For this oil field of mine, I have the oil and water viscosities at reservoir pressure and temperature which are 8.5 and 0.56 cP respectively. If I prepare the synthetic water with the right salinity I get the viscosity value somewhere around 1 cP on room temperature. So what seems right to me is to take that 1 cP water and 15.2 cP (15.2=8.5/0.56) for the mineral oil viscosity, thus keeping the same viscosity ratio as it’s in the reservoir.

My colleague wanted to use 1 cP for synthetic water viscosity which is equal to the brine viscosity on room temperature but also wanted to match the viscosity of mineral oil for the unsteady-state test with the viscosity of the dead (stocktank) oil which would be around 100 cP. So that way you don’t get the water/oil viscosity ratio as it is in the reservoir and as you said, I would soon get water cut and Sor value too low.

Best regards,

Marko

 

Dr. Jonathan Bryan from PERM Answers:

Hello,

You are right to be concerned about this!  If you think that your reservoir viscosity ratio is 15.2, but you are running at test with viscosity ratio of 100, then yes your results may not be correct.  So probably your approach would be better.  But also maybe consider the impact of heat: is it that your reservoir temperature is around 100 – 120°C, in order for your water viscosity to be only 0.5 cP?  If so, what is the viscosity of your dead oil at that temperature?  If you were to run the test at your reservoir temperature, how close is your viscosity ratio?

Dr. Jonathan Bryan

 

Marko Asks PERM:

Hi,

Thank you all for your interest. I was waiting for the viscosity data so I can replay to you.

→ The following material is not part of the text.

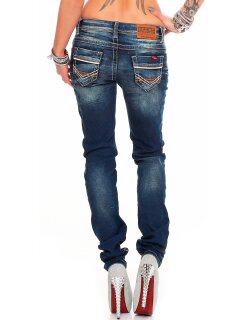 Cipo & Baxx Slim Fit Jeans Damen Stonewashed  WD256 Blue W32/L34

But also maybe consider the impact of heat: is it that your reservoir temperature is around 100 – 120°C, in order for your water viscosity to be only 0.5 cP?  If so, what is the viscosity of your dead oil at that temperature?  If you were to run the test at your reservoir temperature, how close is your viscosity ratio?

Reservoir temperature is about 55 °C. Water salinity is about 10 g NaCl per liter which gives viscosity of about 0.5 cP on 55 °C. Dead oil viscosity at reservoir temperature is about 16 cP. So if I could run the test at reservoir temperature I would get viscosity ratio of around 32 (16/0.5=32), which is double in compare to the real reservoir viscosity ratio which is 16 (8/0.5=16).

That’s why I would like to use mineral oil and synthetic water with viscosity ratio of 16 when measuring on room temperature, thus keeping the same reservoir viscosity ratio.

Many thanks to Dr. Jon Bryan and best regards,

Best regards,

Marko

 

Dr. Jonathan Bryan from PERM Answers:

Hello,

Yes, this seems like a good approach in terms of the viscosity.  But unfortunately, there is one more piece of the puzzle.  The one last thing to think about is the wettability of the rock.  If you work with a mineral oil system I assume this means that you will clean your cores of their native state fluids, then flood with water and then oil.  In general, mineral oil will give you a strongly water wet rock; there is likely nothing in the oil itself that will alter wettability.  So if you know that your reservoir is already strongly water wet, then you are okay working with a model oil.  But if you suspect that there are some oil/rock interactions that would affect the wettability of your reservoir, then you are better off working with your actual reservoir oil and brine, and playing with temperatures.

*NOTE: This assumes that you are working on a specific reservoir, which is what I gleaned from your comments.  If your goal is to look at the effect of adverse mobility ratio alone just in a general sense, then you are okay working with the model oil.  But if your goal is to measure oil/water relative permeability specifically for your actual reservoir, then you may be better off working with the real fluids.